Regions Bank, the bank arm of Regions Financial Corporation, has UX on its mind. Having revamped its online and digital user experiences in Fall 2016, the bank has a clear vision of what the ideal UX should be and do. Andy Hernandez, Regions’ head of eBusiness services, and Matt Brunsman, user experience & design svp for Regions eBusiness, gave Tradestreaming an inside view into the bank’s UX guidelines.
Trends
The bank sees a number of trends setting the course of its UX trajectory, such as simply listening to the customer, or the use of AI to anticipate the customer’s needs. However, the central driving force of Regions Bank’s digital playbook is the need for consistency and integration throughout all of the bank’s channels.

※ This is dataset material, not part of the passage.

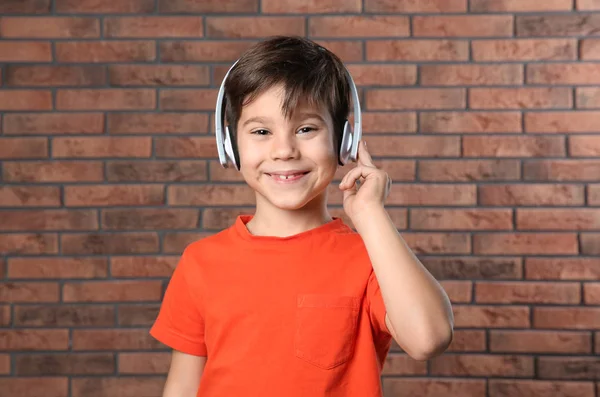 Petit garçon mignon écoutant de la musique avec des écouteurs contre un mur de briques — Photo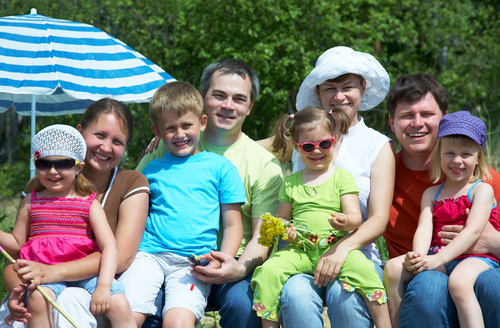 Extended family with young children smiling outdoors under a striped umbrella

According to Hernandez, this is something they bank has pursued across the spectrum, “from updating our content management systems to shifting our development model to one that is agile – and from working within silos to shifting to a needs-based architecture that better reflects what is most essential to our customers.”
The perfect digital banking experience
Regions wants its UX to inspire trust. Data from the Millennial Disruption Index suggests that this is easier said than done. However, the bank has some tried and true strategies for cultivating trust, including solving a problem before it takes place or meeting the financial needs customers didn’t know they had. “You establish trust by being proactive rather than reactive,” Hernandez explained.
The perfect digital banking experience has implications for the bank as well — if its customers are making more money, the bank is too.
Keeping employees onboard is critical
The robot uprising may be just around the corner, but until then, Regions Bank relies on human employees to keep the UX on track. Hernandez cites the bank’s move from waterfall to agile web development model as transformative, with employees eager and excited about the new model. The bank has also shifted some forward-thinking employees to focus on innovation, which helps the bank stay ahead of the UX game, instead of scrambling to catch up with existing trends.
Another important component of Regions Bank’s approach to bring the best out of its employees comes down to a shared workspace: “The front-end developers sit next to our back-end operations team in the same room on our agile teams, and that co-development and shared goals are a very powerful and successful combination,” explained Brunsman.
Challenges
Of course, there are hurdles on the road to UX paradise, of which one is choice. In a world populated with an ever-increasing amount of shiny new fintechs, deciding which technology and approaches will be most beneficial to customers takes time. As one of the largest financial institutions in the U.S., Regions can’t decide to make changes simply on a whim.
And though customers may be getting increasingly vocal about what they need and want, these needs and wants don’t always gel with with the bank’s needs. “So we always have to weigh business needs and customer needs together in any equation,” said Hernandez.